Looking at the transformations two functions seem to have a similar line to the chart above. The functions are y = Log(x) and y = sqrt x.
#Transformation of acceleration - Using Log
model_log <- lm(I(log(mpg)) ~ acceleration+I(log(acceleration)), data=mpg)
summary(model_log)
##
## Call:
## lm(formula = I(log(mpg)) ~ acceleration + I(log(acceleration)),
## data = mpg)
##
## Residuals:
## Min 1Q Median 3Q Max
## -1.06111 -0.22515 0.00151 0.21794 0.77069
##
## Coefficients:
## Estimate Std. Error t value Pr(>|t|)
## (Intercept) -1.59298 1.04365 -1.526 0.127724
## acceleration -0.09011 0.03966 -2.272 0.023624 *
## I(log(acceleration)) 2.23400 0.60516 3.692 0.000254 ***
## ---
## Signif. codes: 0 '***' 0.001 '**' 0.01 '*' 0.05 '.' 0.1 ' ' 1
##
## Residual standard error: 0.2997 on 395 degrees of freedom
## Multiple R-squared: 0.2255, Adjusted R-squared: 0.2215
## F-statistic: 57.49 on 2 and 395 DF, p-value: < 2.2e-16
#Transformation of acceleration - Using sqrt
model_log <- lm(I(log(mpg)) ~ acceleration+I(sqrt(acceleration)), data=mpg)
summary(model_log)
##
## Call:
## lm(formula = I(log(mpg)) ~ acceleration + I(sqrt(acceleration)),
## data = mpg)
##
## Residuals:
## Min 1Q Median 3Q Max
## -1.06339 -0.22731 0.00077 0.21655 0.77214
##
## Coefficients:
## Estimate Std. Error t value Pr(>|t|)
## (Intercept) -2.38791 1.23506 -1.933 0.053897 .

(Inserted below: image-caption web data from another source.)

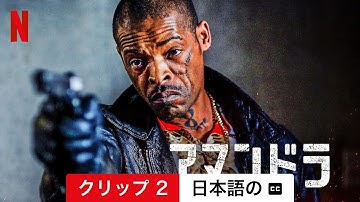 アマンドラ (クリップ 2 字幕付き) | 日本語の予告編 | Netflix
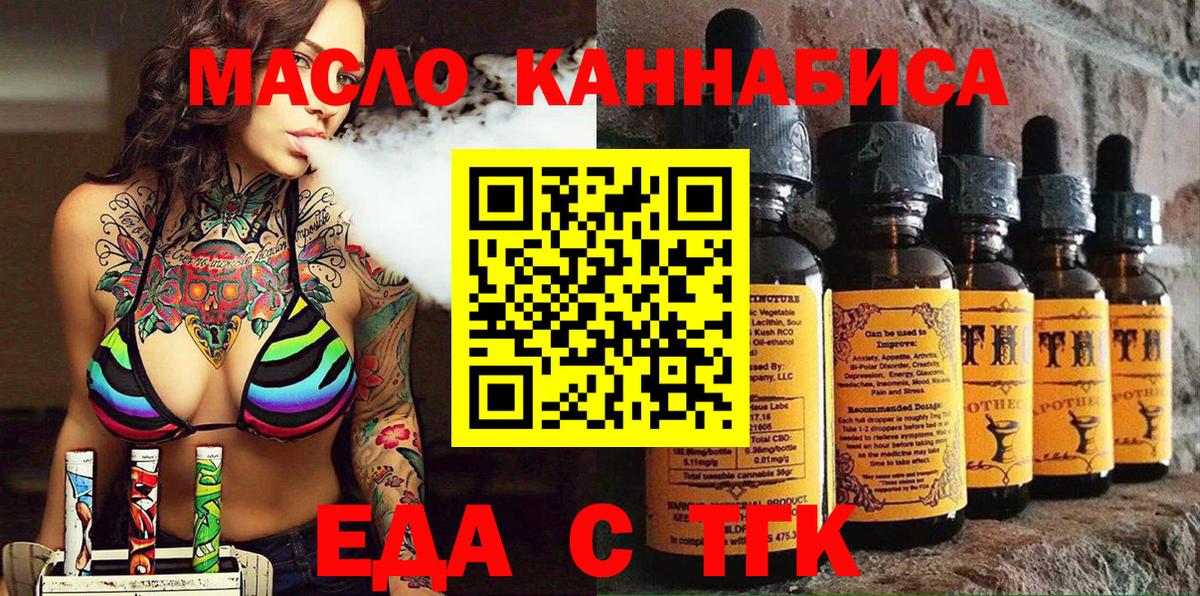 Меф кристаллы  Йошкар-Ола  Вход с VPN  Cocaine  Гашиш  МАРИХУАНА 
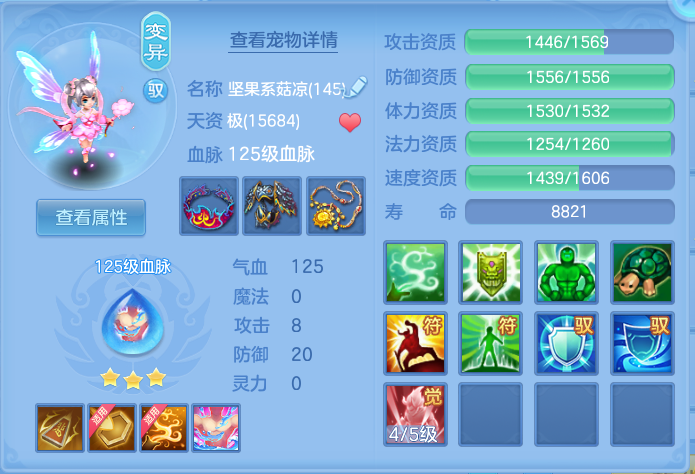 微信图片_20260807172415_54_3171.png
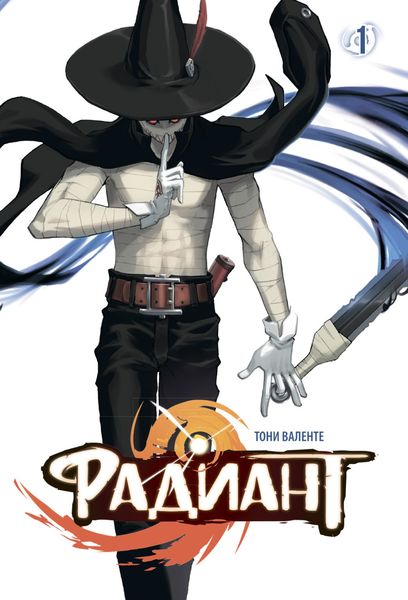 Обложка книги  «Радиант. Том 1»
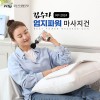 [김수자]엄지파워 마사지건 KP-2024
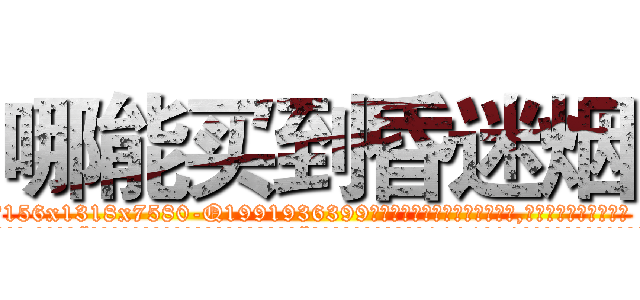 哪能买到昏迷烟 (哪能买到昏迷烟【电.话156x1318x7580-Q1991936399鑫宏药业】我们做的是长期生意,靠的是老客户长期支持
参考消息网2月20日报道 韩媒称，“剩女多、离婚率高的城市，房价一定会上涨。”这是中国经济学家金岩石2016年12月参加在上海举行的房地产相关论坛时说的话。
)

## acceleration -0.24561 0.08008 -3.067 0.002310 **
## I(sqrt(acceleration)) 2.36968 0.62997 3.762 0.000194 ***
## ---
## Signif. codes: 0 '***' 0.001 '**' 0.01 '*' 0.05 '.' 0.1 ' ' 1
##
## Residual standard error: 0.2995 on 395 degrees of freedom
## Multiple R-squared: 0.2265, Adjusted R-squared: 0.2225
## F-statistic: 57.82 on 2 and 395 DF, p-value: < 2.2e-16
The Square root transformation has a better adjusted R-square. Boht of the models are still very similar, but Square root of x has a 0.1% better adjusted R-square. Both of the adjustes R-squares are better than the previous model.
mpg_transformation <- data.frame(log_mpg=log(mpg$mpg))
• acceleration
mpg_transformation <- data.frame(acceleration=mpg$acceleration, mpg_transformation)
• The transformation of acceleration that yielded the best adjusted R-squared in the preceding question
mpg_transformation <- data.frame(sqrt_acceleration=sqrt(mpg$acceleration), mpg_transformation)
mpg_unit_normal = as.data.frame(apply(mpg_transformation, 2, function(x){(x - mean(x))/sd(x)}))
model2_unit_normal <- lm(log_mpg ~., data=mpg_unit_normal)
summary(model2_unit_normal)
##
## Call:
## lm(formula = log_mpg ~ ., data = mpg_unit_normal)
##
## Residuals:
## Min 1Q Median 3Q Max
## -3.13079 -0.66924 0.00226 0.63756 2.27330
##
## Coefficients:
## Estimate Std. Error t value Pr(>|t|)
## (Intercept) -1.991e-15 4.420e-02 0.000 1.000000
## sqrt_acceleration 2.446e+00 6.502e-01 3.762 0.000194 ***
## acceleration -1.994e+00 6.502e-01 -3.067 0.002310 **
## ---
## Signif. codes: 0 '***' 0.001 '**' 0.01 '*' 0.05 '.' 0.1 ' ' 1
##
## Residual standard error: 0.8817 on 395 degrees of freedom
## Multiple R-squared: 0.2265, Adjusted R-squared: 0.2225
## F-statistic: 57.82 on 2 and 395 DF, p-value: < 2.2e-16
The transformation of the acceleration (sqrt_acceleration has a p-value of 0.000194) has a much greater influence on the variable when trying to predict the model.